EXERCISE: Without changing a single word, set down all of the records.

------ RECORDS SUPPLIED

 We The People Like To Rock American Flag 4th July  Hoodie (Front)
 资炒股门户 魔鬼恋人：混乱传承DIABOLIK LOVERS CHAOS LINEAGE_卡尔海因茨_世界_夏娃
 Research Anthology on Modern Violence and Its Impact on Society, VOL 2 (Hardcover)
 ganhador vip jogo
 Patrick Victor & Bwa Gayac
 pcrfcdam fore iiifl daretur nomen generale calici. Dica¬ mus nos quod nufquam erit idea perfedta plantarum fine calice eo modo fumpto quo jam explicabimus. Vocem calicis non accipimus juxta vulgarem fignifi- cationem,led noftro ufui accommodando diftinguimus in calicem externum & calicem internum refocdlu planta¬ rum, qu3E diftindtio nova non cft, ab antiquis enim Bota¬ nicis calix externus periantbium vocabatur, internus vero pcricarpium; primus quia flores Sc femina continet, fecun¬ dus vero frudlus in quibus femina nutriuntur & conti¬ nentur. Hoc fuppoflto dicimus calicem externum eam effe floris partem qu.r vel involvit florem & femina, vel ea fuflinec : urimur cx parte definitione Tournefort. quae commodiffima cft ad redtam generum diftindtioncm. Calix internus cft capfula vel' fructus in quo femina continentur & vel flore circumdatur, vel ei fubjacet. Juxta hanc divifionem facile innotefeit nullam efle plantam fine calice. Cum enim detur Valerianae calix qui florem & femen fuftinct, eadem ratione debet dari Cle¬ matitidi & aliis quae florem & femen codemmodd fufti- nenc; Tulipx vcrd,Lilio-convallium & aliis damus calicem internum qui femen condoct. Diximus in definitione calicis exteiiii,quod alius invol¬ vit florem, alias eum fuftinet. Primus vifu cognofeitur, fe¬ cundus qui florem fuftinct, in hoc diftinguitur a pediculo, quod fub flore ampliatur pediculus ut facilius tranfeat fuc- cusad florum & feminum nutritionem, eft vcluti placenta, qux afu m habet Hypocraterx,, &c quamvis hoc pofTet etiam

------------

ANSWER TO THIS TASK:
 We The People Like To Rock American Flag 4th July  Hoodie (Front)
 资炒股门户 魔鬼恋人：混乱传承DIABOLIK LOVERS CHAOS LINEAGE_卡尔海因茨_世界_夏娃
 Research Anthology on Modern Violence and Its Impact on Society, VOL 2 (Hardcover)
 ganhador vip jogo
 Patrick Victor & Bwa Gayac
 pcrfcdam fore iiifl daretur nomen generale calici. Dica¬ mus nos quod nufquam erit idea perfedta plantarum fine calice eo modo fumpto quo jam explicabimus. Vocem calicis non accipimus juxta vulgarem fignifi- cationem,led noftro ufui accommodando diftinguimus in calicem externum & calicem internum refocdlu planta¬ rum, qu3E diftindtio nova non cft, ab antiquis enim Bota¬ nicis calix externus periantbium vocabatur, internus vero pcricarpium; primus quia flores Sc femina continet, fecun¬ dus vero frudlus in quibus femina nutriuntur & conti¬ nentur. Hoc fuppoflto dicimus calicem externum eam effe floris partem qu.r vel involvit florem & femina, vel ea fuflinec : urimur cx parte definitione Tournefort. quae commodiffima cft ad redtam generum diftindtioncm. Calix internus cft capfula vel' fructus in quo femina continentur & vel flore circumdatur, vel ei fubjacet. Juxta hanc divifionem facile innotefeit nullam efle plantam fine calice. Cum enim detur Valerianae calix qui florem & femen fuftinct, eadem ratione debet dari Cle¬ matitidi & aliis quae florem & femen codemmodd fufti- nenc; Tulipx vcrd,Lilio-convallium & aliis damus calicem internum qui femen condoct. Diximus in definitione calicis exteiiii,quod alius invol¬ vit florem, alias eum fuftinet. Primus vifu cognofeitur, fe¬ cundus qui florem fuftinct, in hoc diftinguitur a pediculo, quod fub flore ampliatur pediculus ut facilius tranfeat fuc- cusad florum & feminum nutritionem, eft vcluti placenta, qux afu m habet Hypocraterx,, &c quamvis hoc pofTet etiam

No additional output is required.